Record extracts:
+++

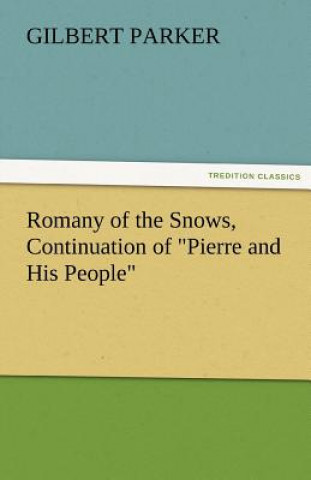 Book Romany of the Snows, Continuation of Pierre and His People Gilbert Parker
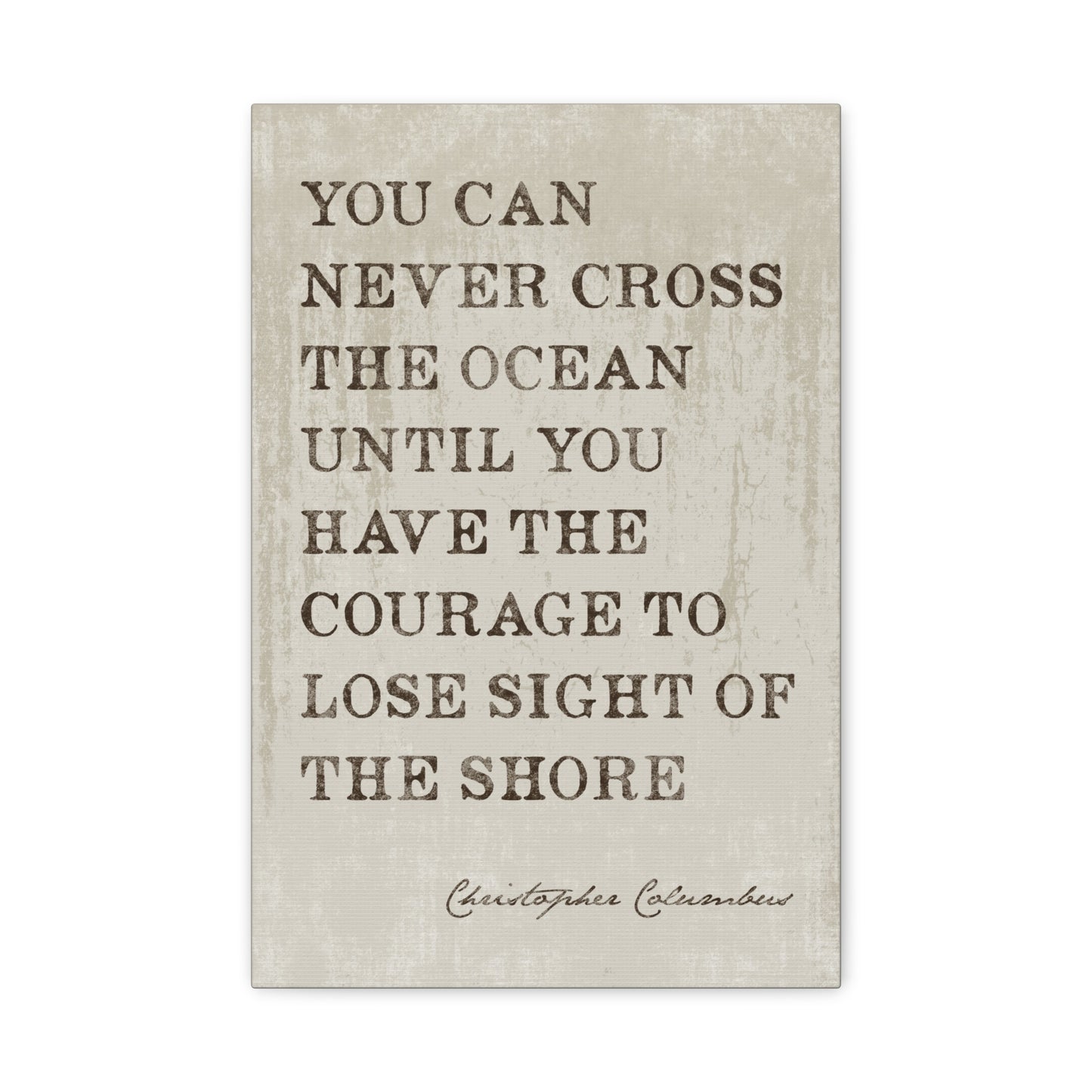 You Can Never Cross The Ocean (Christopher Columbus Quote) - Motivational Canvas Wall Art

+++

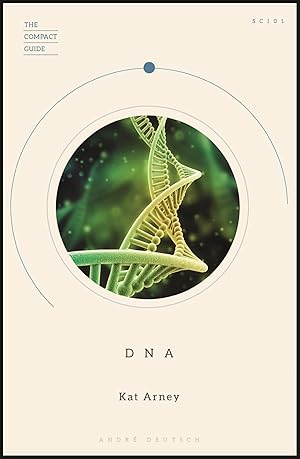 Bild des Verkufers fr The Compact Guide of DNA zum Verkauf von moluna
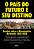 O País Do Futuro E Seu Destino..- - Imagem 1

+++

What is required:
Output should consist of the lines above from the one with "Bild des Verkufers" down to the one with "O País Do Futuro E Seu Destino..- - Imagem 1", exact and without pictures.

Exercise answer:
 Bild des Verkufers fr The Compact Guide of DNA zum Verkauf von moluna
 O País Do Futuro E Seu Destino..- - Imagem 1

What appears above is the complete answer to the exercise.